**DATA EXTRACTS**.

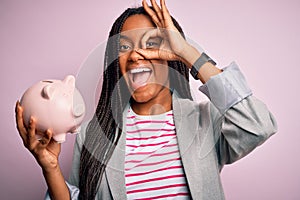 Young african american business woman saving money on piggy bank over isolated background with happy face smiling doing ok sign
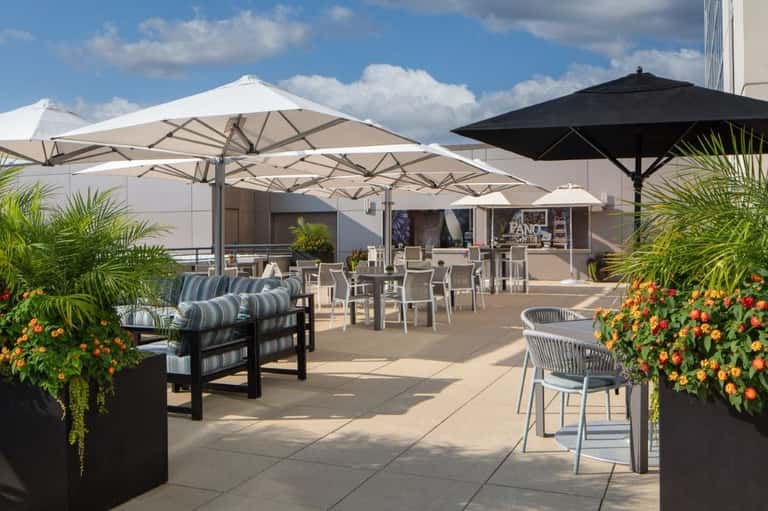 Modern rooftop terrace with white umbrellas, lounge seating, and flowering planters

...

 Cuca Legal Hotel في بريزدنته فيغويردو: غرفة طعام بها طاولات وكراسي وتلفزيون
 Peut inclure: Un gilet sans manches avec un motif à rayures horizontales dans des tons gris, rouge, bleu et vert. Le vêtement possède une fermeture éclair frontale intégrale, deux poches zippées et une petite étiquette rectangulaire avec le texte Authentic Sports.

--

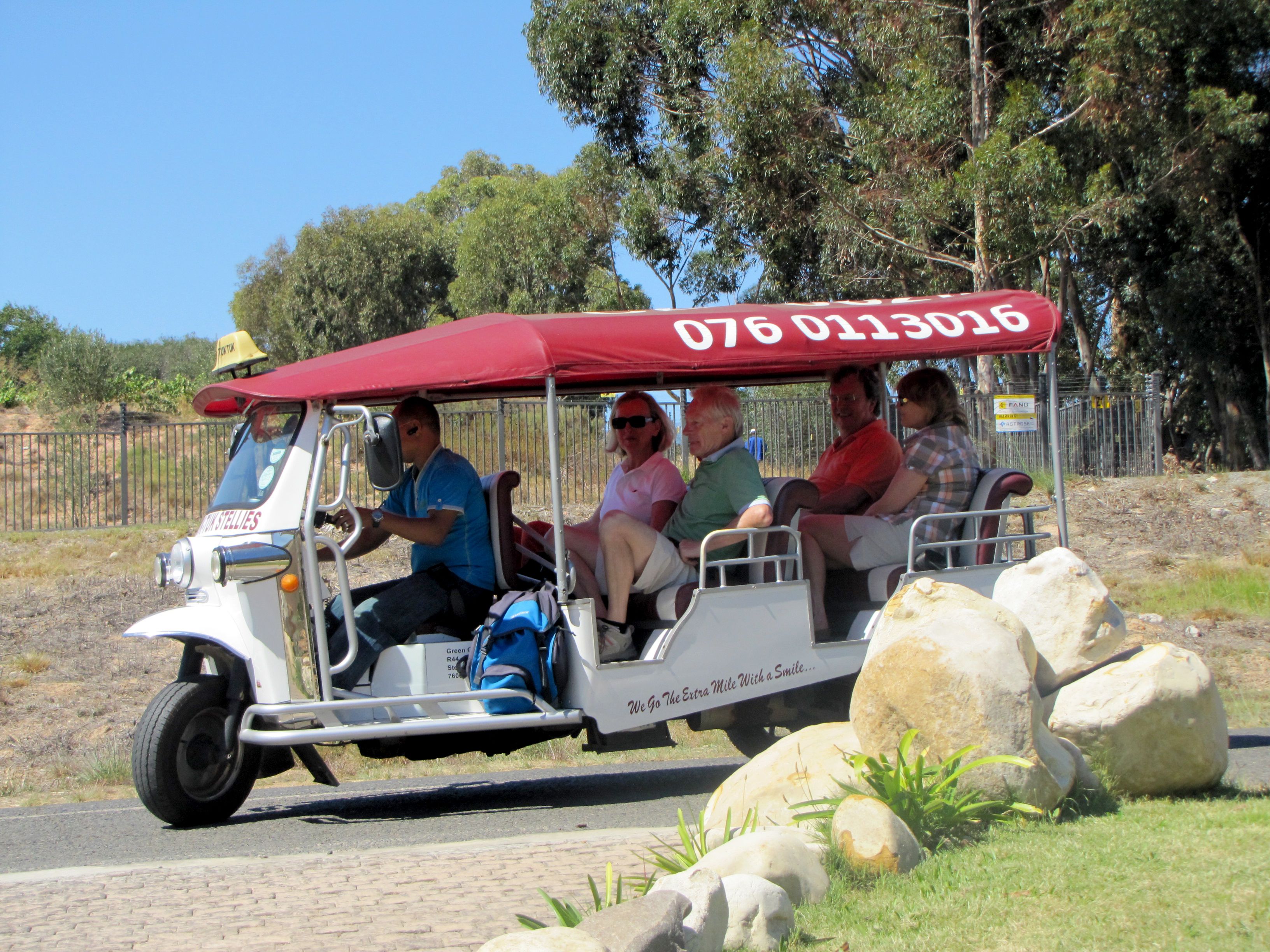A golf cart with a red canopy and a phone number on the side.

**TASK BRIEF**. Within the listing above, copy exactly the lines that start at the one with "Young african american" and continue through the one with "Modern rooftop terrace". Omit pictures.

**SOLUTION BELOW**.
 Young african american business woman saving money on piggy bank over isolated background with happy face smiling doing ok sign
 Modern rooftop terrace with white umbrellas, lounge seating, and flowering planters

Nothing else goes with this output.